I’ll cook enough of the beans/lentils so they last me twice a day for 2-3 days. I store them in the fridge and they are super easy to grab and blend up. I do the same thing with the sweet potatoes and brown rice. If I happen to run out or am running low, then I’ll cook some oatmeal and mix in extras.
I usually save peanut butter as a treat, or something I mix it into the homemade dog treats I make her. Dog biscuits are easy to make and you can make them whatever shape or size you want! Plus, you can make a bunch and store them. If you have a juicer at home and make your own juices, if the ingredients are dog friendly, you can take the leftover pulp and mix it into your dog’s food for some extra fiber and nutrients.
It may seem like a lot of work to someone that barely has time to cook for themselves, much less their fur babies. But honestly, I thought it would be a lot harder than it actually was. You just have to remember to soak the beans and rice ahead of time (to release the acidic outer layer and allow for more nutrients absorption), and don’t wait until the last minute to cook them. It took me about a week to incorporate this into my schedule but it easily became a part of my regular routine. The beans can take around an hour to cook, but I’m doing work or things around the house so it’s not sucking up my time. And seeing how much Opal loves the food I make is totally worth it!
Plus, I don’t spend any more money on her new meals than I did on her bags of dog food. All of the ingredients I listed above are really cheap, even a lot of the organic ones. The most expensive thing on the list is coconut oil, but I use it for myself too! It was easy for Opal to transition to plant based because I had already been incorporating some of these foods into her diet for a few months. I would recommend a thoughtful transition so you don’t upset your dog’s digestion or give them a belly ache.

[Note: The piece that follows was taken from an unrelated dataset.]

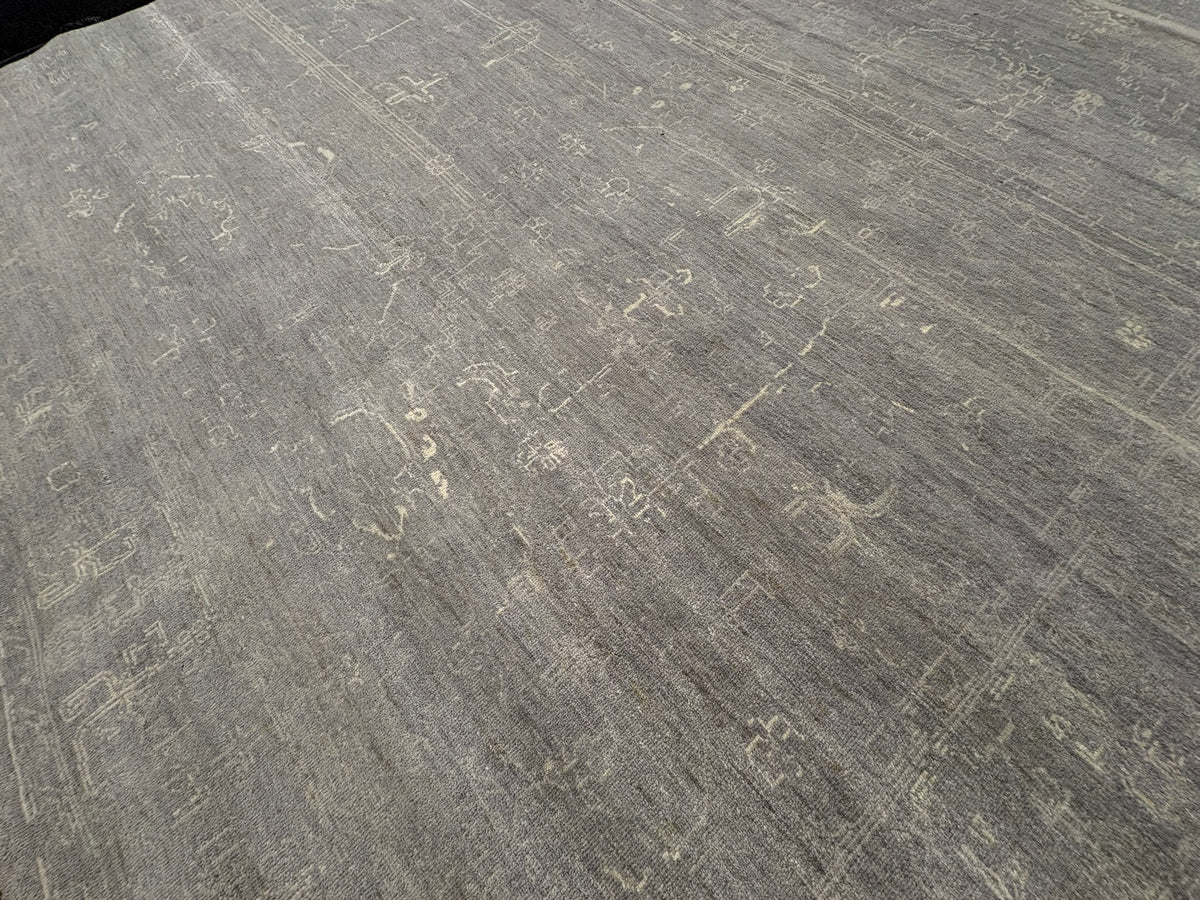 RH Montero Wool Rug – 10' × 14' 100% Hand-Spun Wool | Hand-Knotted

My best advice if you are considering a vegan diet for your dog (or even cat) would be to do lots of research ahead of time (which may include speaking with your vet or a dog nutritionist), and make sure you are aware of what foods should not be consumed by dogs. I really like this article by Gentle World, it goes into the nutritional needs of dogs on a vegan diet, the best way to prepare certain foods, and it lists several plant based ingredients that are great for dogs. I’ve been introducing Opal to new foods each week, and next up are split peas, chickpeas, and squash!
It must get really boring for dogs that eat the same exact thing every single day, year after year! I love that Opal gets a variety of foods and she’s always so excited to see what I made for her. Plus, I know exactly what is in the food she’s eating. And just as plant based foods can heal physical ailments in a person, the same is true of dogs.